WORK TASK :: Any pictures in the records below must be left out when you repeat the lines from the line containing "People Couple Viewing Aurora Green Sky." through the line containing "Granatowa sukienka zapinana" exactly.

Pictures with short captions
------
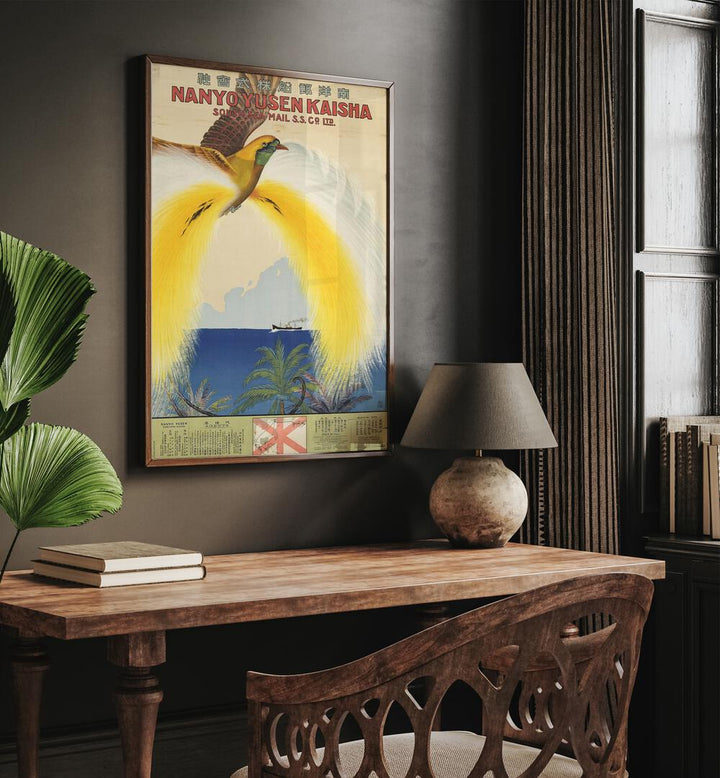 Nanyo Yusen Kaisha Retro Vintage Travel Vintage Travel Posters in Dark Wood Plain Frame on a wall above a study table beside a plant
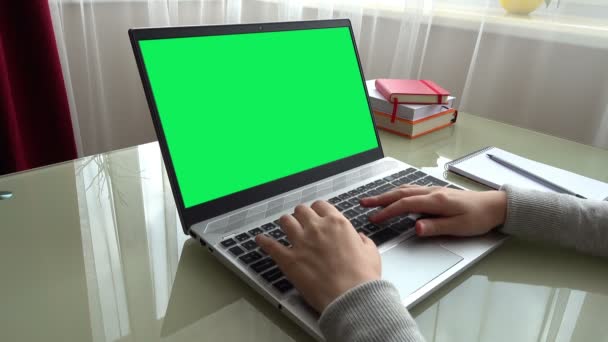 自宅のオフィスでキーボードを手に働く少女 画面は緑の背景です — ストック動画
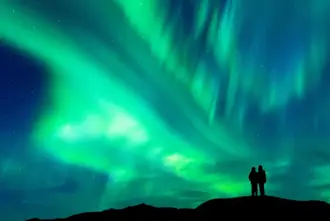 People Couple Viewing Aurora Green Sky.
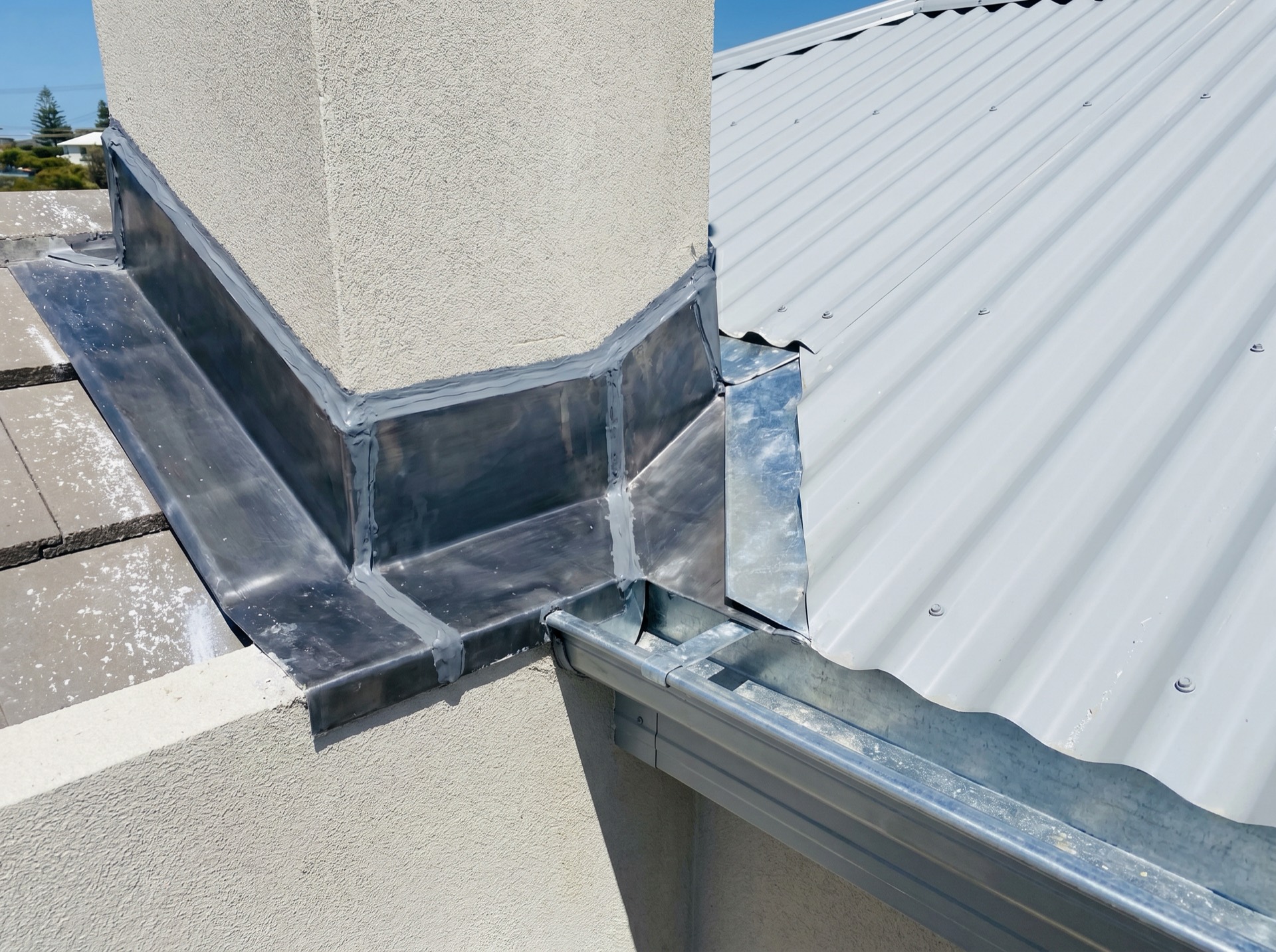 New gutter, valley iron and lead flashing detail on a coastal roof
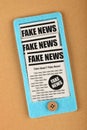 Felt craft smartphone with FAKE NEWS newspapers Royalty Free Stock Photo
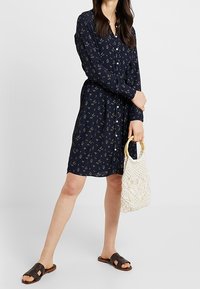 Granatowa sukienka zapinana na guziki z małym kwiatowym wzorem, długimi rękawami i luźnym krojem, w zestawieniu z plecioną torebką i brązowymi klapkami.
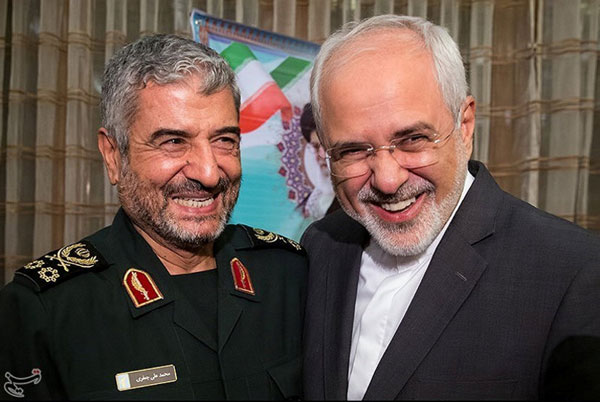 Islamic Revolutionary Guard Corps (IRGC) Commander Mohammad Ali Jafari (left) and Iran’s Foreign Minister Mohammad Javad Zarif smile during a coordination meeting for the 40th anniversary of the Islamic Revolution, in Tehran, Iran, on Monday (Reuters photo)
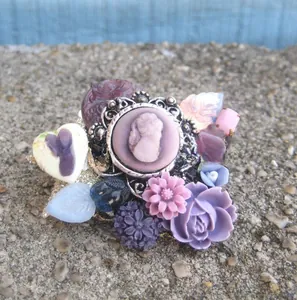 Detailed macro view of retro purple cameo and floral charms for DIY jewelry making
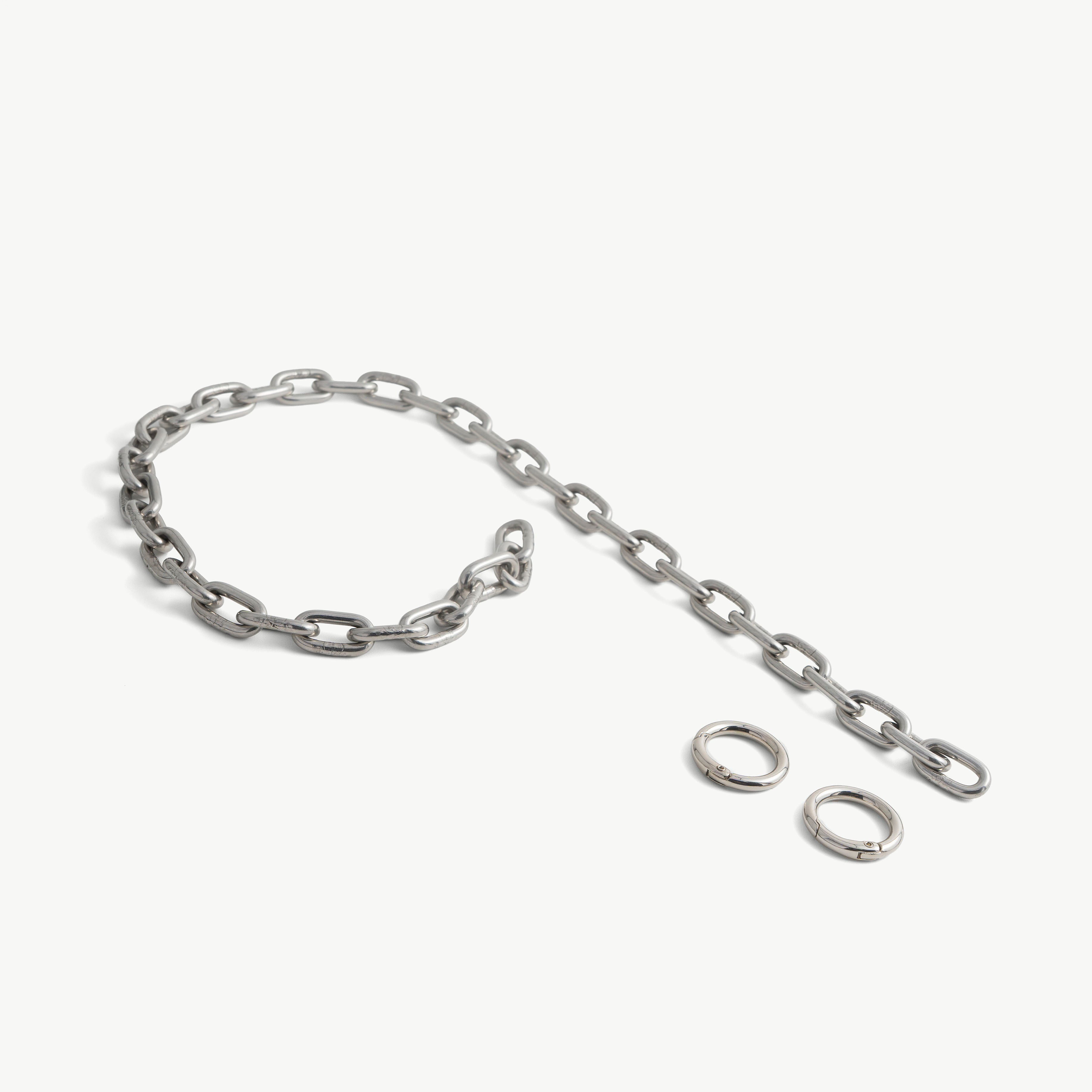 Stainless steel choker chain laid out with its two spring-gate O-ring clasps
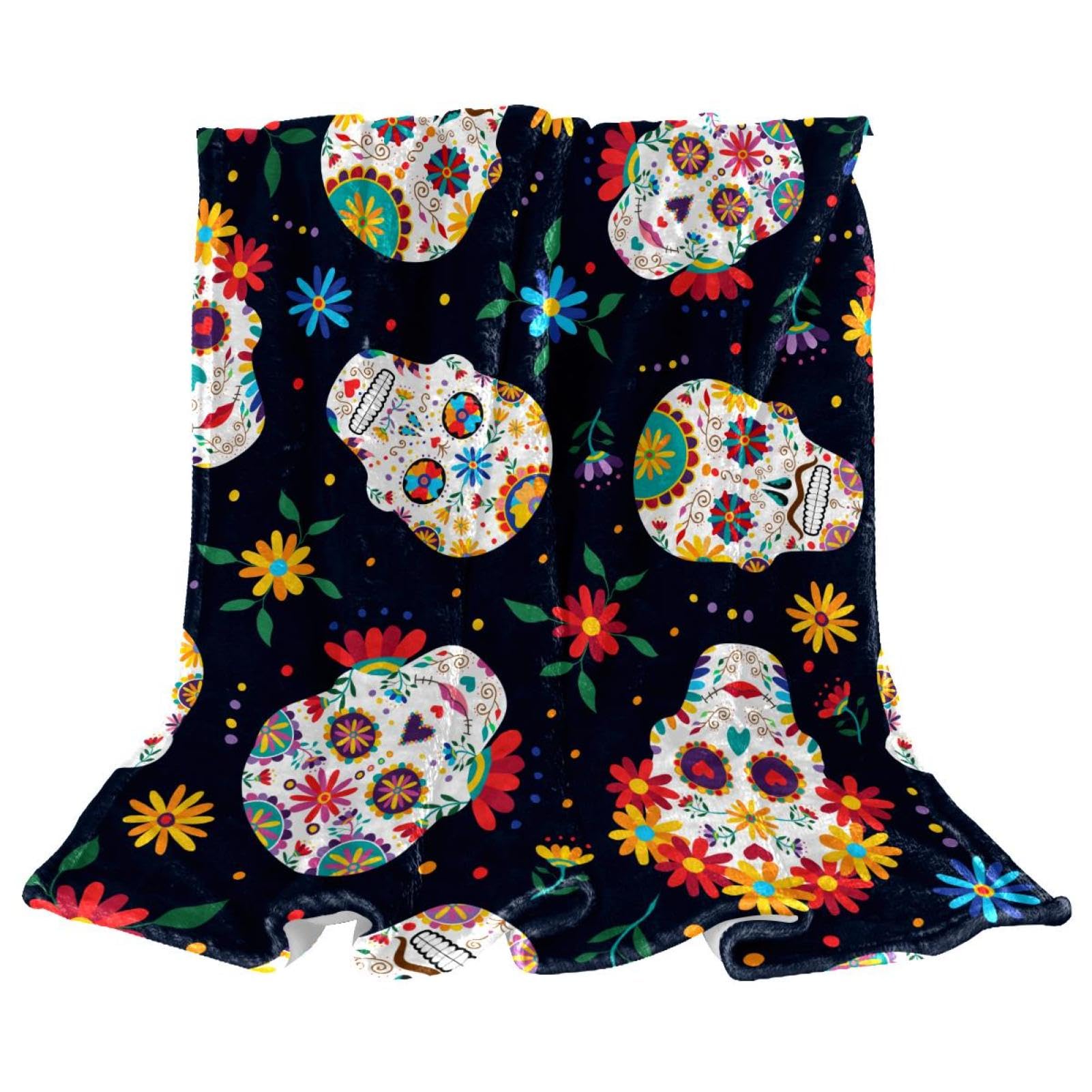 Couverture polaire crâne floral pour vos soirées cocooning au canapé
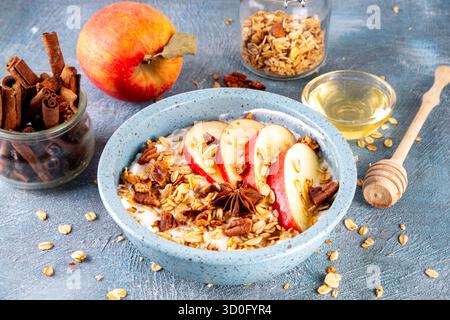 Gesundes Herbstfrühstück oder Snack, Schüssel mit griechischem Joghurt, Müsli, Äpfeln, Honig und Pekannüsse, auf blauem Betonhintergrund mit Zutat, Kopierraum Stockfoto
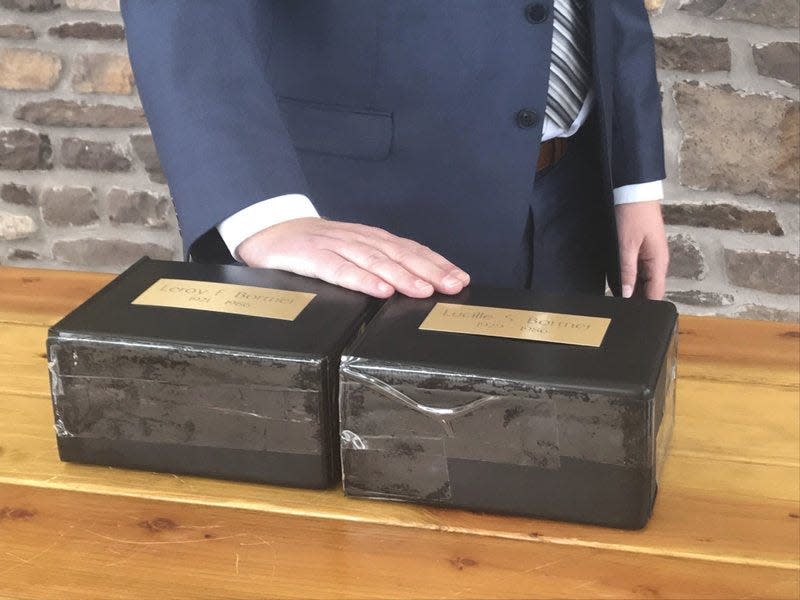 Montgomery County First Deputy Coroner Alexander Balacki touches the boxes holding the cremated remains of LeRoy and Lucille Bortner at a September 2019 interment ceremony at Washington Crossing Veterans Cemetery.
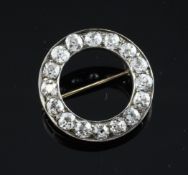 An early 20th century gold, silver and diamond open target brooch, set with sixteen old cut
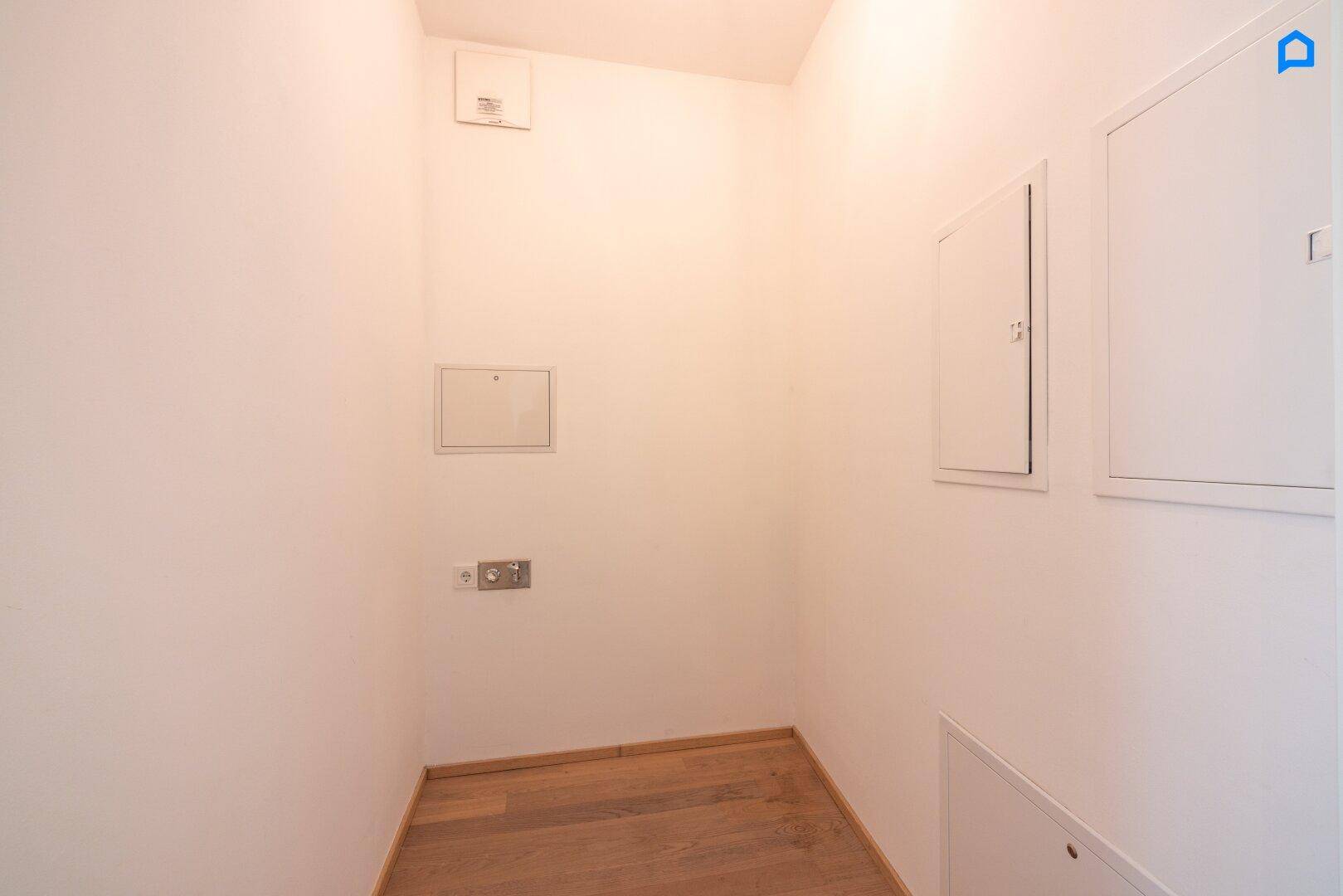 Kleiner Abstellraum mit Anschlüssen und Zugangsklappen, ideal für Lagerung.
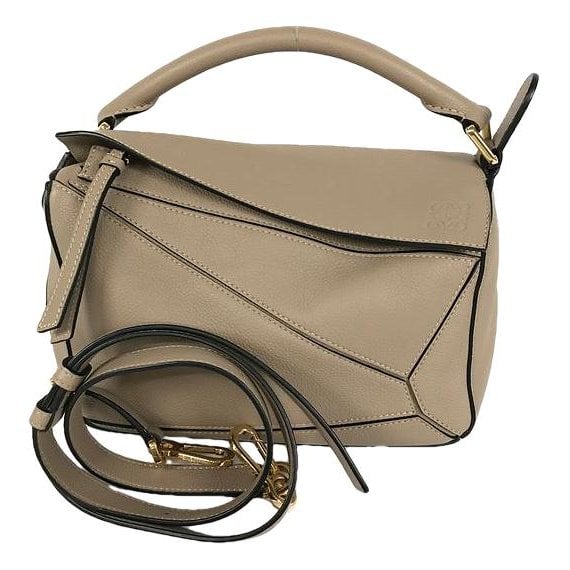 Puzzle leather handbag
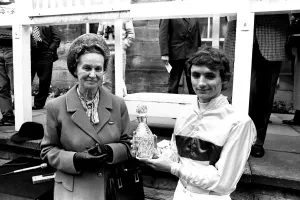Jockey Walter Swinburn receives a winners trophy at Gosforth Park Racecourse, Newcastle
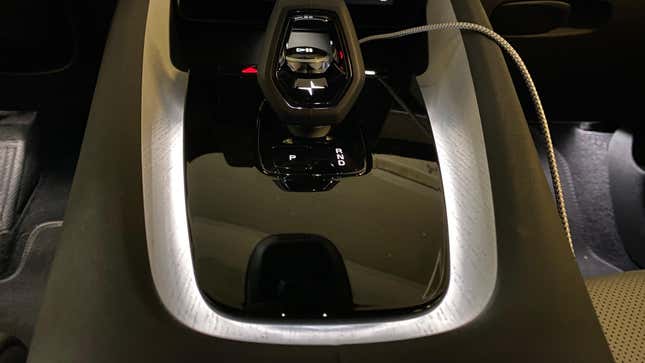 A close-up of the center console and the warm, gentle light that emanates from around the shifter mechanism and illuminates the pale wood.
------
ANSWER SECTION ::
 People Couple Viewing Aurora Green Sky.
 New gutter, valley iron and lead flashing detail on a coastal roof
 Felt craft smartphone with FAKE NEWS newspapers Royalty Free Stock Photo
 Granatowa sukienka zapinana na guziki z małym kwiatowym wzorem, długimi rękawami i luźnym krojem, w zestawieniu z plecioną torebką i brązowymi klapkami.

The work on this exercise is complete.